Touch your toes before a sprint and you might run slower. Hold that same stretch after your session and you will probably move better tomorrow. Static and dynamic stretching are not two flavours of the same thing — they pull your nervous system and muscles in different directions, and the order you use them in decides whether they help or quietly cost you. Here is how each one works, with the numbers and the form cues to use them well.
Two tools, two jobs
Dynamic stretching means moving a joint through its range under control, repeatedly, without pausing at the end. Think leg swings, walking lunges with a reach, arm circles, hip openers. The muscle lengthens and shortens on each rep, your heart rate climbs, and tissue temperature rises.
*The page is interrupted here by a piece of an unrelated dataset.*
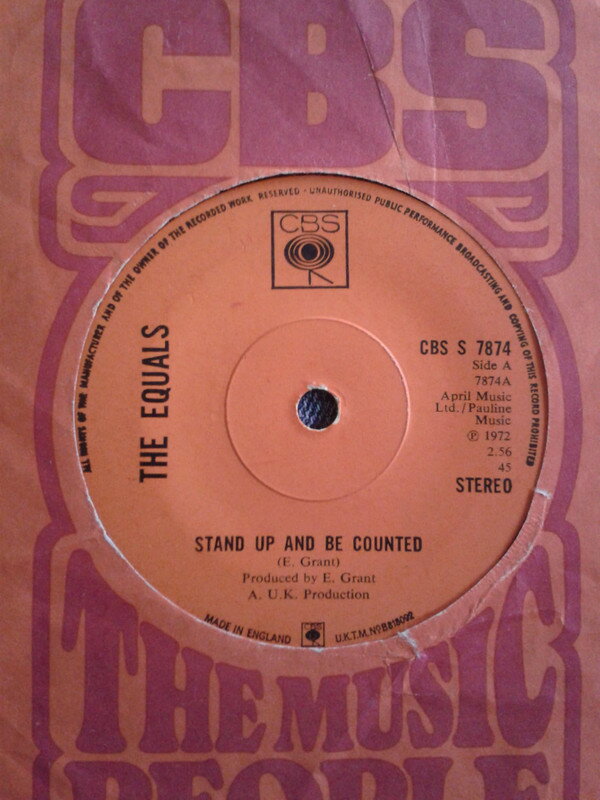 ・アーティスト Equals ・タイトル Stand Up And Be Counted ・レーベル・型番 CBS CBSS7874 ・フォーマット 7インチレコード ・コンディション(盤) 良い (VG+) ・コンディション(ジャケット) プレインカバー（元ジャケット／カバー無し） ・コンディション(帯) オビなし ・特記事項 【カンパニースリーブ】 サンプル画像です。実際の商品の画像ではありません 商品写真はバーコード/カタログ番号に対応したサンプル画像ですので、お送りする商品の画像ではありません。帯やライナーなどの付属品は、特記事項に記載されている場合のみ含まれます。プロモやカラーレコードなどの仕様についても、該当する場合のみ特記事項に記載しています。 【ご購入前に必ずご確認ください】 ・本店サイト(www.recordcity.jp)とは価格、送料が違います ・本店サイト、その他支店のオーダーとは同梱発送できません ・注文確定後に別の注文を頂いた場合、注文同士の同梱は致しかねます。 ・別倉庫から発送しているため、店頭受け渡しは対応しておりません ・一部商品は他の通販サイトでも販売しているため、ご注文のタイミングによっては商品のご用意ができない場合がございます。 ・土日祝日はお休みです 金曜・祝前日9時以降のご連絡またはご入金は、返答または発送が週明け・祝日明けに順次対応となります。 ・ご購入後のキャンセル不可 ご購入後のキャンセルはいかなる理由においてもお受けできません。ご了承の上、ご購入くださいませ。 ・日本郵便(ゆうパック/ゆうメール)によるお届けになります。 ・中古品であることをご理解ください 当ストアでは中古商品を主に販売しております。中古品であることをご理解の上ご購入ください。また、一部商品はRecordCityオンラインストアで試聴可能です。 ・返品について お客様のご都合による返品は一切承っておりません。 表記の内容と実際の商品に相違がある場合、また針飛び等で返品・返金をご希望される場合は、商品の到着後1週間以内にご連絡ください。商品の返送をこちらで確認後、キャンセル・返金を行います。 コンディションVG以下の商品は返品できません。プレイに影響のない表面のこすれ傷、プレス起因のノイズ盤は返品の対象外です。 【コンディション表記】 ・ほぼ新品(M-)(Like New) 完全な新品。未使用。当店ではほぼ使用しません ・非常に良い(EX)(Excellent) 中古盤として美品な状態。わずかな経年を感じるものの傷みを感じさせない、当店基準で最高の状態 ・良い(VG+)(Very Good Plus) 丁寧に扱われた中古品で、軽い使用感がみられる。 ・可(VG)(Acceptable) 使い込まれた中古品で、「良い」よりもさらに使用感がみられる。 ・悪い(VG-)(Bad) 状態が悪いアイテム。使用の保障はなく、再生不可、針飛び、目立つノイズがあるかもしれない。状態によるクレーム不可。返品不可。 ・非常に悪い(G)(Very Bad) 「悪い」よりさらに状態が悪いアイテム。使用の保障はなく、再生不可、針飛び、目立つノイズがあるかもしれない。状態によるクレーム不可。返品不可。 ・ジャンク(Fair)(Junk/Fair) 割れている、反っている、水ダメージがある、カビ、ジャケットが分離している、ひどい書き込み、ひどい擦れなど最低の状態。使用の保障はなく、再生不可、針飛び、目立つノイズがあるかもしれない。状態によるクレーム不可。返品不可。 ・ジャンク(Poor)(Junk/Poor) 割れている、反っている、水ダメージがある、カビ、ジャケットが分離している、ひどい書き込み、ひどい擦れなど最低の状態。使用の保障はなく、再生不可、針飛び、目立つノイズがあるかもしれない。状態によるクレーム不可。返品不可。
That last part matters: warmer muscle is more compliant and contracts faster, which is most of why a proper warm-up improves performance.
Static stretching means taking a muscle to a point of mild tension and holding it still, typically for 20 to 45 seconds. A seated hamstring reach, a doorway chest stretch, a couch stretch for the hip flexors. Held long enough and often enough, static work is the most reliable way to add passive range of motion over weeks.
The practical split: dynamic before you train or compete, static after or in a standalone session. The reason is what each does to a muscle's ability to produce force in the next few minutes.
Why static before lifting backfires
A long static hold temporarily dials down how forcefully a muscle can contract. The effect is real but it is dose-dependent and it has been overstated in gym folklore. Holds under about 60 seconds per muscle cause little to no measurable loss in strength, power, or sprint speed. It is the long holds — think 60 seconds or more on a single muscle — that show meaningful drops in force and jump height, and even those recover within roughly 10 minutes.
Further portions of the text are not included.